Il n’y a pas lieu en plus de cette condamnation en paiement, d’autoriser la SCI ISYS à faire réaliser les travaux de peinturage, dès lors que la S.A.S DAQUA ne s’oppose pas à cette réalisation en cas de condamnation par le tribunal ; rendant ainsi l’autorisation superfétatoire.
Sur la demande de dommages et intérêts de la S.A.S. DAQUA
Aux termes de l’article 32-1 du Code de procédure civile, « celui qui agit en justice de manière dilatoire ou abusive peut être condamné à une amende civile d’un maximum de 10 000 euros sans préjudice des dommages et intérêts qui seraient réclamés ».
Il est constant que l’action en justice ne dégénère en abus pouvant donner lieu à réparation que dans l’hypothèse d’un acte de mauvaise foi non caractérisé en l’espèce, d’autant plus qu’il a été fait droit en partie aux demandes formées par la société ISYS.
La S.A.S. DAQUA sera donc déboutée de la demande formée à ce titre.
Sur les mesures de fin de jugement
Sur les dépens
En application de l’article 696 du Code de procédure civile, la partie perdante est condamnée aux dépens, à moins que le juge, par décision motivée, n’en mette la totalité ou une fraction à la charge d’une autre partie.
La S.A.S. DAQUA, partie perdante au procès, sera condamnée aux dépens de l’instance.
Sur les demandes au titre de l’article 700 du Code de procédure civile
En vertu de l’article 700 du Code de procédure civile, le juge condamne la partie tenue aux dépens ou qui perd son procès à payer à l’autre partie la somme qu’il détermine, au titre des frais exposés et non compris dans les dépens.
En l’espèce, la S.A.S. DAQUA partie perdante et tenue aux dépens, sera condamnée au paiement à la S.C.I. ISYS de la somme de 3.000 euros au titre de ses frais irrépétibles.

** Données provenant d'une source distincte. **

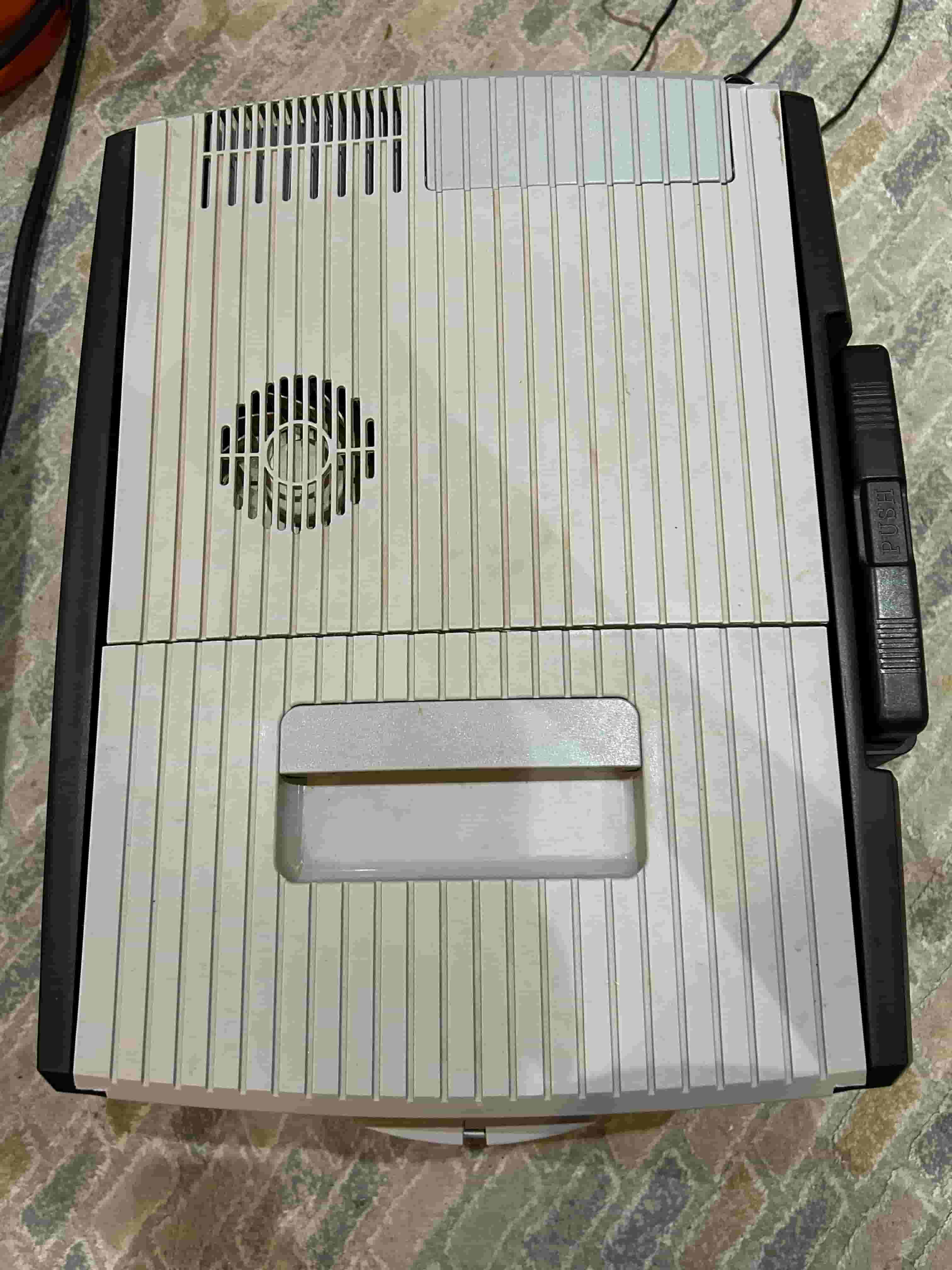 Travel refrigerator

Sur l’exécution provisoire
En application de l’article 514 du Code de procédure civile, les décisions de première instance sont de droit exécutoire à titre provisoire à moins que la loi ou la décision rendue n’en dispose autrement.

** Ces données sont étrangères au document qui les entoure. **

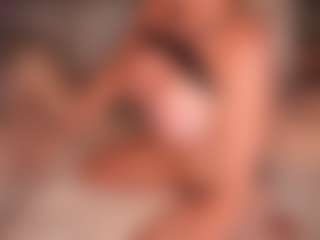 AlenaCroft's Live Sex Cam Show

Il n’y a pas lieu d’écarter l’exécution provisoire du présent jugement.
PAR CES MOTIFS,
Le tribunal, statuant publiquement, par jugement contradictoire et en premier ressort, mis à la disposition du public au greffe,
DECLARE l’action de la S.C.I. ISYS recevable ;
DECLARE la S.A.S. DAQUA responsable des dommages causés à la S.C.I. ISYS ;
DIT n’y avoir lieu à sursoir à statuer sur la demande en réparation de la S.C.I. ISYS ;
CONDAMNE la S.A.S. DAQUA à mettre en place, sur la parcelle cadastrée section AA n°[Cadastre 5], le dispositif décrit par l’expert judiciaire, à savoir « un garde-corps métallique fixé solidement au sol qui arrêtera le pivotement des éléments métalliques lors des manutentions », ceci en complément de celui que la SAS DAQUA a déjà installé au sol et qui devra être maintenu , ce dans un délai de 1 mois à compter de la signification du présent jugement ;
ASSORTIT cette condamnation d’une astreinte provisoire de 100,00 € par jour de retard, passé le délai de 1 mois commençant à courir du jour de la signification de la présente décision et ce pendant une durée de 6 mois ;
CONDAMNE la S.A.S. DAQUA à payer à la S.C.I. ISYS la somme de 8.848,25 euros TTC (HUIT MILLE HUIT CENT QUARANTE HUIT EUROS ET VINGT CINQ CENTIMES) au titre de son préjudice matériel avec intérêts au taux légal à compter de la signification du présent jugement ;
ORDONNE la capitalisation des intérêts conformément aux dispositions de l’article 1343-2 du Code civil ;
REJETTE la demande de dommages et intérêts de la S.A.S. DAQUA;
CONDAMNE la S.A.S. DAQUA aux dépens de l’instance, comprenant le coût de la procédure de référé et des frais d’expertise ;
CONDAMNE la S.A.S. DAQUA à verser à la S.C.I. ISYS la somme de 3.000 euros en application des dispositions de l’article 700 du Code de procédure civile ;
RAPPELLE que l’exécution provisoire de la présente décision est de droit ;
DEBOUTE les parties de leurs demandes plus amples ou contraires.